With Jackie’s situation in mind, I see three things that all baby boomers should keep top of mind when on the hunt for a job:
1. Experience is an asset to any company. Forget talking about age and focus on all the things you’ve learned throughout your career. Have you managed projects or teams? Talk about that. What were tasks or projects you worked on where you went above and beyond to improve processes, reduce costs or increase output or sales? Many boomers feel age is a road block to interviews, but I remind them that experience matters most, so focus on what you have to offer to an employer, not what’s (theoretically) holding you back.
2. Learn how to talk about your career. Many baby boomers want to say that they just showed up and did the job that they were supposed to. The problem is that there’s so much to be said about the work ethic and level of personal responsibility many boomers feel toward their work. As you work on your résumé, be sure to list the facts and quantifiable points that made your work a success. It’s okay to talk about how your creativity, tenacity, commitment all made you a valuable employee in previous roles. Consider finding a mentor and working on practice interviews to help you get comfortable in learning how to “sell” your experience in the interview situation.

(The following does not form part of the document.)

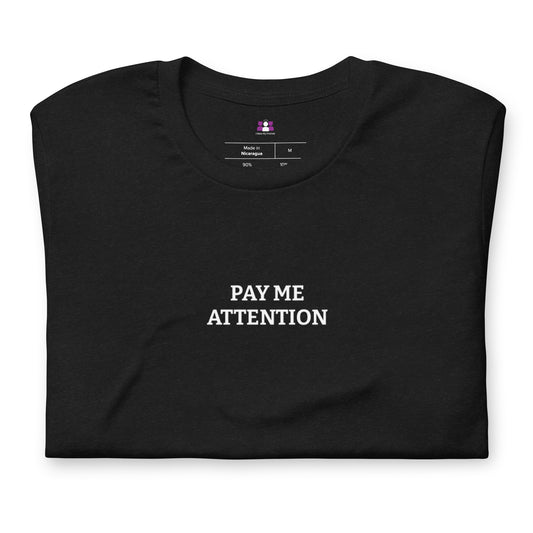 Pay Me Attention T-shirt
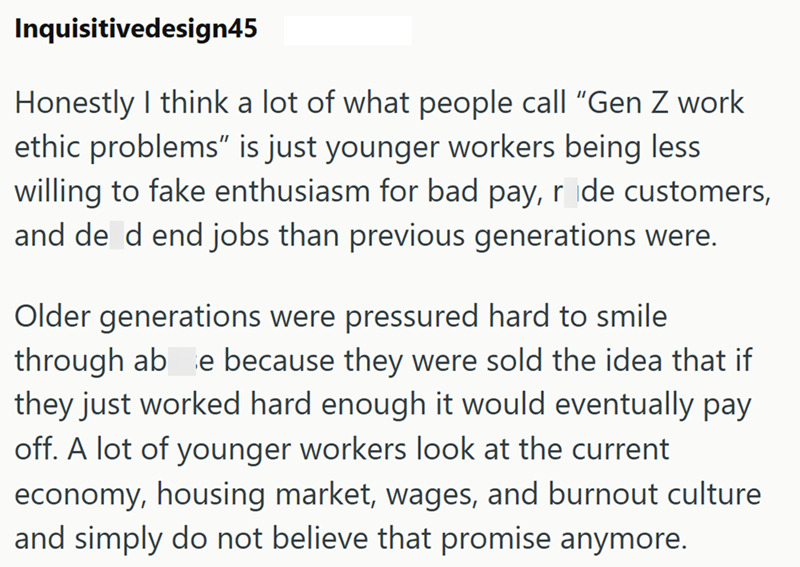 Inquisitivedesign45 Honestly I think a lot of what people call "Gen Z work ethic problems" is just younger workers being less willing to fake enthusiasm for bad pay, r de customers, and de d end jobs than previous generations were. Older generations were pressured hard to smile through abe because they were sold the idea that if they just worked hard enough it would eventually pay off. A lot of younger workers look at the current economy, housing market, wages, and burnout culture and simply do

3. Networking to find jobs you want. Another scenario I run into with older workers who are looking for jobs is that they frequently apply for jobs that they don’t actually want. Whether that’s because they’d rather take any job that is available or that they’re too hesitant to let others know they need help in finding jobs they want, it’s a common but detrimental occurrence.
I remind job seekers to tell friends, family, local community members about their desire for a new job and that when you ask for help, you more likely to receive it. Find opportunities to talk to new people who may work for companies in your area that you’re interested in. Conduct informational interviews to learn about specific employers or roles. Once you’ve become comfortable in talking about how your skills and experience can help an employer during an informational interview, you’ll be ready to do the same in an actual interview.

The skill of talking about or ‘selling’ your experience is challenging and one that needs practice. But in time, you’ll find that it’s less awkward and it actually boosts your confidence about what you’ve achieved and accomplished in your career and helps you see yourself as a beneficial part of any team.